Dziewice nocy albo anioły rodziny/Część czwarta/IV

<<< Dane tekstu >>>
Autor Paul Féval
Tytuł Dziewice nocy albo anioły rodziny
Wydawca J. Breslauer
Data wyd. 1853
Druk Drukarnia J. Kaczanowskiego
Miejsce wyd. Warszawa
Tłumacz anonimowy
Tytuł orygin. Les Belles-de-nuit ou Les Anges de la famille
Źródło Skany na Commons
Inne Cały tekst
Pobierz jako: EPUB  • PDF  • MOBI 
Indeks stron


IV.
Poddasze.

Jesteśmy w małéj izdebce na czwartém piętrze, w któréj stały dwa stołki, łóżko proste i mała nieozdobna harfa. Nad łóżkiem był zawieszony obraz Boga-Rodzicy, a pod nim szklarnia ampułka ze święconą wodą.
Obie siostry tylko co weszły do tego mieszkania osłabione do reszty na siłach przebyciem tylu schodów. Cyprjana padła prawie na stołek, Djana zaś uklękła przed łóżkiem, zakrywając oczy w pałających dłoniach. Nie mówiły nic do siebie bo myśli ich mieszały się i doznawały odurzenia rozpaczy, a w takim stanie ociężałości, nie pomyślały nawet o spotkaniu Blanki i Loli, które w skutku zbiegu okoliczności jakie nam się wkrótce przedstawię, powinno było zbudzić je z otrętwienia i główną na toż spotkanie skierować uwagę.
Wiedziały o wszystkiém co się stało w Penhoelu od nocy ś. Ludwika, wiedziały o uwiezieniu Blanki, o wypędzeniu pana i pani z pałacu i o innych nam znanych szczegółach. Wiedziały że Marta skołatana cierpieniami, a którą tak tkliwie kochały, szukała swéj córki od dwóch miesięcy przebiegając miasto i zatrzymując przechodniów zapytaniami o swoje dziécię.
Lecz są chwile, w których wycieńczona dusza, staje się nieczułą na wszelki głos. Mówią, że w rozległych stepach zamorskich, strudzony podróżny, kładzie się czasem na ziemi i leży niewzruszony, dyszący, choć słyszy zdala groźny ryk lwa lub tygrysa, i choć tuż obok niego pod trawą powstaje szmer złowrogi, oznajmujący czołganie się węża.
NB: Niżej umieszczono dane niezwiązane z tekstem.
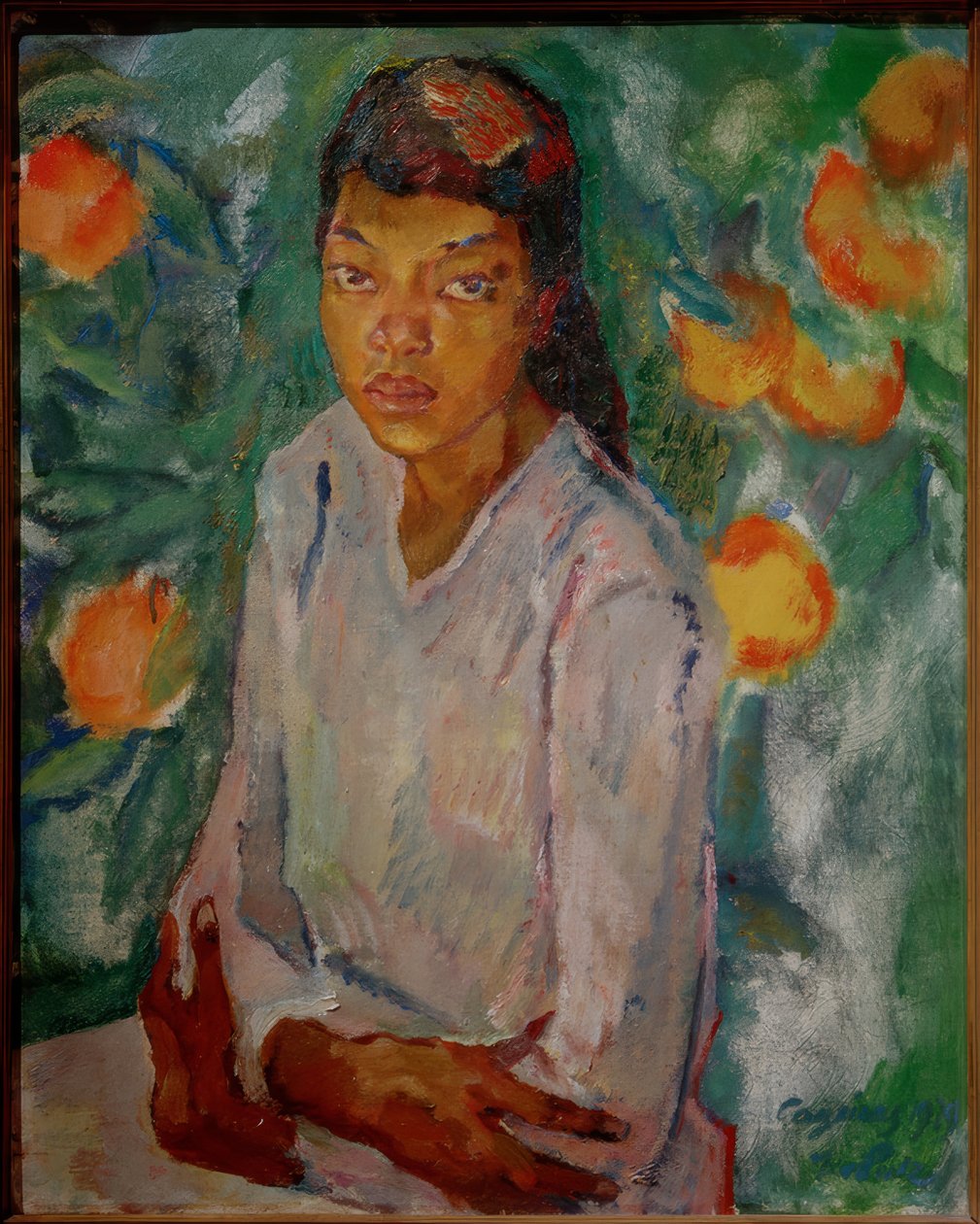 Julia ved appelsinbusken af Leo Putz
Upłynęło pół godziny: poczém Djana podniosła zwolna głowę i spojrzała na siostrę:
— Ty cierpisz? — mówiła.
Cyprjana ściskała piersi obu rękami, nic nie odpowiadając.
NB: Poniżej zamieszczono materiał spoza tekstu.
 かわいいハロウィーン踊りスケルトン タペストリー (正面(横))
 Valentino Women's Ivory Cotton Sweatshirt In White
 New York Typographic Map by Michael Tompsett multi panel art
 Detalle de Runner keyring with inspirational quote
Djana powstała, podniecana uniesieniem gniewu; krew ubarwiła jej lica, otrząsła gęste sploty swoich włosów i rzekła z goryczą:
— Otóż to Paryż!... Paryż, który nam się tak uroczo przedstawiał... Paryż w którym umrzemy z rospaczy... ileż to świetnych marzeń i kłamliwych nadziei... Nie byłże w naszych oczach piękniejszym od raju? — Nie mamy chleba! mój Boże! daj nam chleba... czyliż zasłużyłyśmy na tak okrutną karę za to, że byłyśmy zaślepione... Matko Bożka! ty wiesz dobrze że opuściłyśmy ojca nie z naszéj przyczyny! Najświętsza Panno! ulituj się! chleba... kawałek chleba!...
Załamywała ręce z obłąkaniem. Cyprjana pognębiona, milcząca, nie zwracała na nią uwagi.
Od dwóch dni nic nie jadły.
W przeddzień miały jeszcze ostatni kawałek chleba, lecz Marta, jéj mąż i stryj Jan doznając podobnegoż niedostatku, spożyli go.
Djana daléj mówiła, z gorączkowém wysileniem:
— Dla czego podobne rzeczy dziać się mogą?... Dla czego Bóg dopuszcza ażeby szalone nadzieje owładnęły sercami dwóch biednych dzieci?... jestże to zbrodnią wystąpić w obronie tych, których kochamy?... Oh! teraz gdyśmy poznały naszą nieroztropność, mamyż jeszcze łudzić się dłużéj?...
Rozśmiała się smętnie i gorzko.
— Czy przypominasz sobie siostro, w jakim celu przybyłyśmy do Paryża?.. czy wiesz ile chciałyśmy zebrać ze śpiewek i harf, naszych?... 500,000 fr... ażeby wykupić dobra wydarte Penhoelowi... 500,000 fr.!...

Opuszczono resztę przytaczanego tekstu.